Jul 07, 2016, 7:00 PM

Vestal, 328 Vestal Pkwy E, Vestal, NY 13850, USA

About the event

What Is Archaeology In Vestal?

It is an invitation to the community to begin to engage in a discussion on the shared history of this place in which we live.

These soils have been stepped on by humans for thousands of years. Earlier inhabitants drank from and navigated the river we gaze at with such familiarity as we drive down Route 434. These people who came before us trekked up colorful autumn hills. Did they marvel at the beauty as we do now when October is particularly spectacular?

We want to dedicate this corner of our museum to questions concerning our Native American predecessors and how we are able to learn about them through Archaeological practice. We hope you have a lot of questions.

During the Paleo-Indian Period 10,000-8,000 B.C. The ice melted from the ice age glaciers that covered the Southern Tier.  Prehistoric people could start hunting large game animals like caribou and bison. “Nomadic big game hunters” are what archeologists call these people, because they followed herds along their migratory routes.  There is little evidence known about these people’s shelter and clothing but it is assumed that they lived in and were clothed by the bones and thick hides of the large game animals.

The Archaic period from 8000-1500 BC was a time when many of the large animals became extinct. Little evidence of population here suggests that the coniferous forests that existed during this time could not support large populations of hunting and gathering groups. The people lived further south at this time and came to upstate NY to hunt and fish during prime hunting season. By the end of the Archaic period the weather shifted to a more humid climate and warmer temperatures and a large diversity of plants and animals flourished. Archaeologists believe that people lived together in groups of 25-30 people and hunted and gathered. They now ate a wider range of foods including meats, fish, wild plants and nuts instead of focusing mainly on wild game like the people before them.

The Transitional Period 1500BC-1000BC contains significantly different artifact traits. There was a change from the use of stone bowls to clay pots. Another trait of this period is the appearance of cremation burials and the beginnings of burial rituals may have taken root during this period.

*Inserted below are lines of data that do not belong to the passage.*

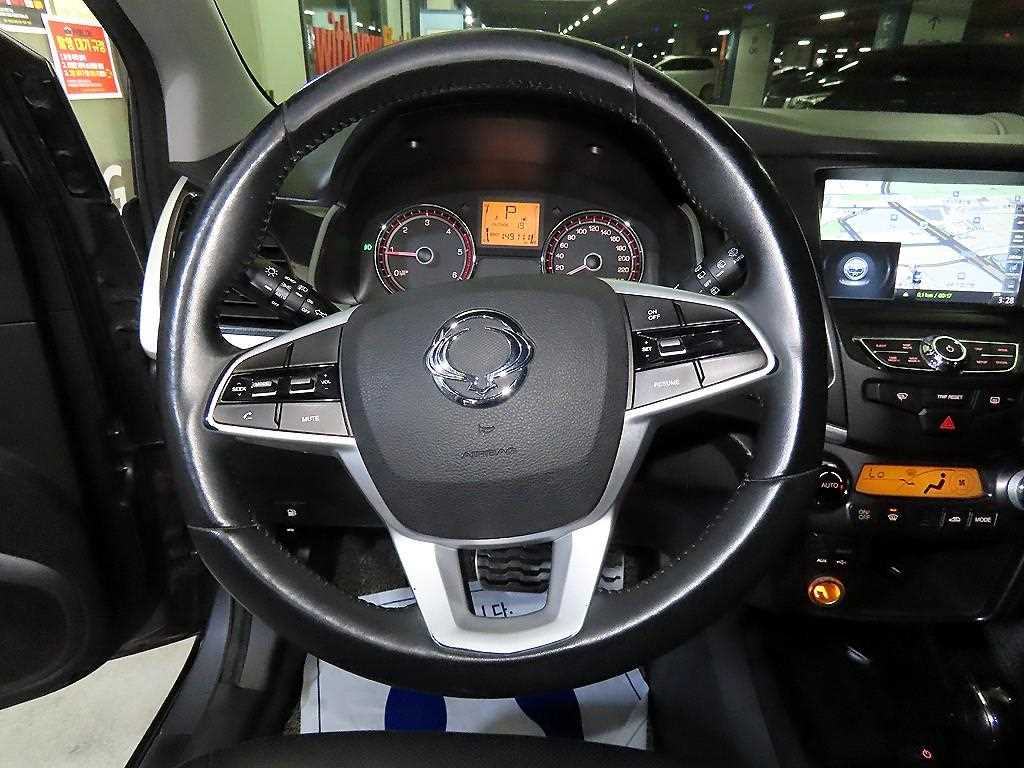 Ssangyong Korando - Vista 8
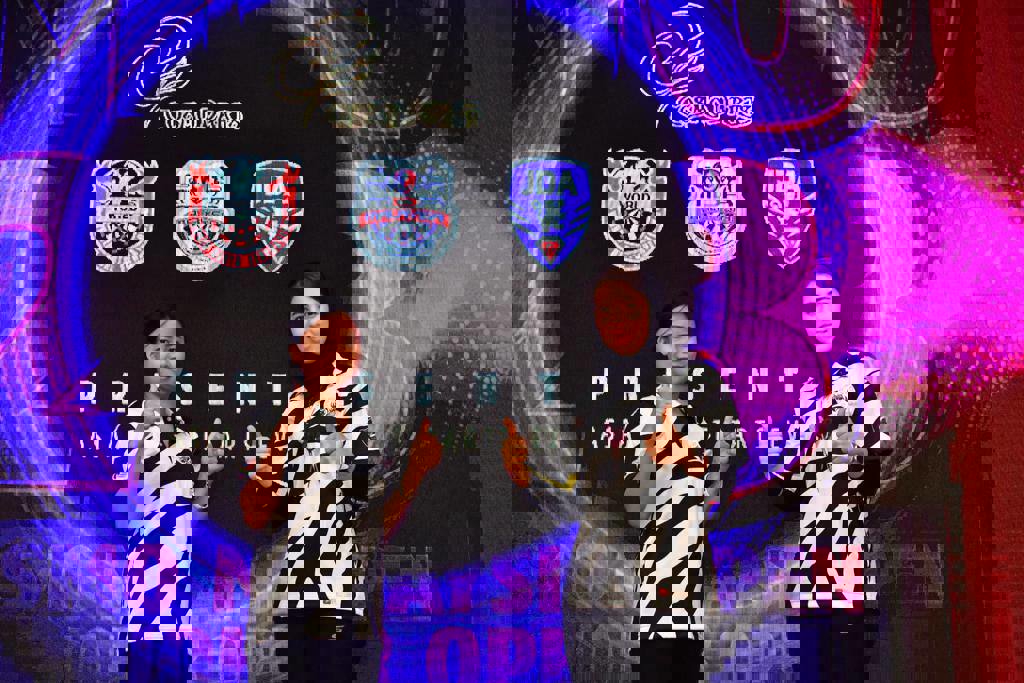 1939498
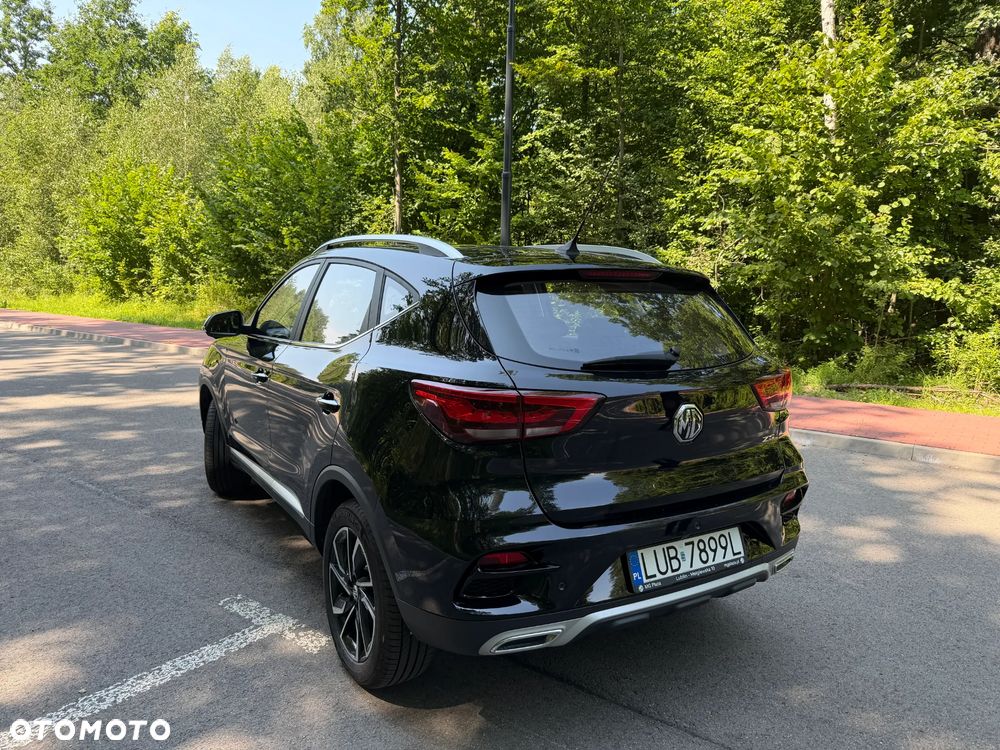 MG ZS - 3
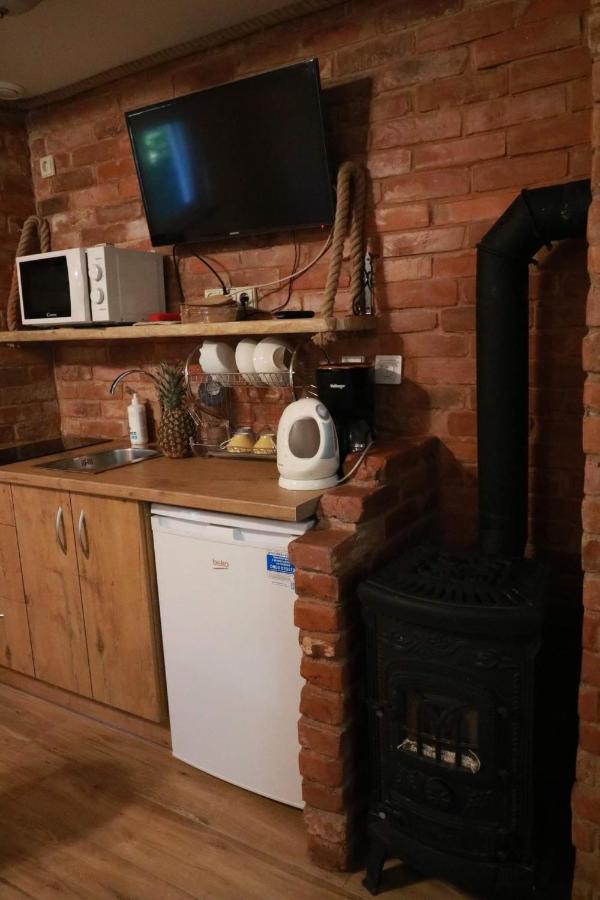 Namelis Nr 1 Adeles Sodyba Sturmai Buitenkant foto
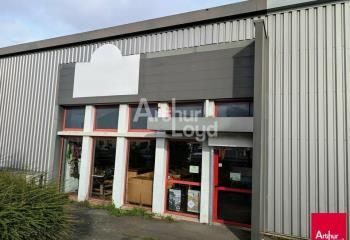 Showroom à louer ZI Ouest Rennes - Stationnements publics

In the Woodland Period 1000 BC-1600AD, many changes take place gradually over a long period of time. People began to gather and store plant food. At the sites where people lived there are pits in the ground for the storage of nuts. The people would store the food for when food was scarce. There was also the beginning of more long distance trade with other peoples. In 1000AD “we have the first firm evidence of agriculture in the eastern United States from the Round Top Site in Endicott, New York. Archaeologists examined the site in the 1960’s and recovered the remains of corn, beans and squash (referred to as the three sisters in Iroquois mythology) from refuse pits.” This changed the way people lived. Instead of roaming in small packs, now people began to live together in villages throughout the year.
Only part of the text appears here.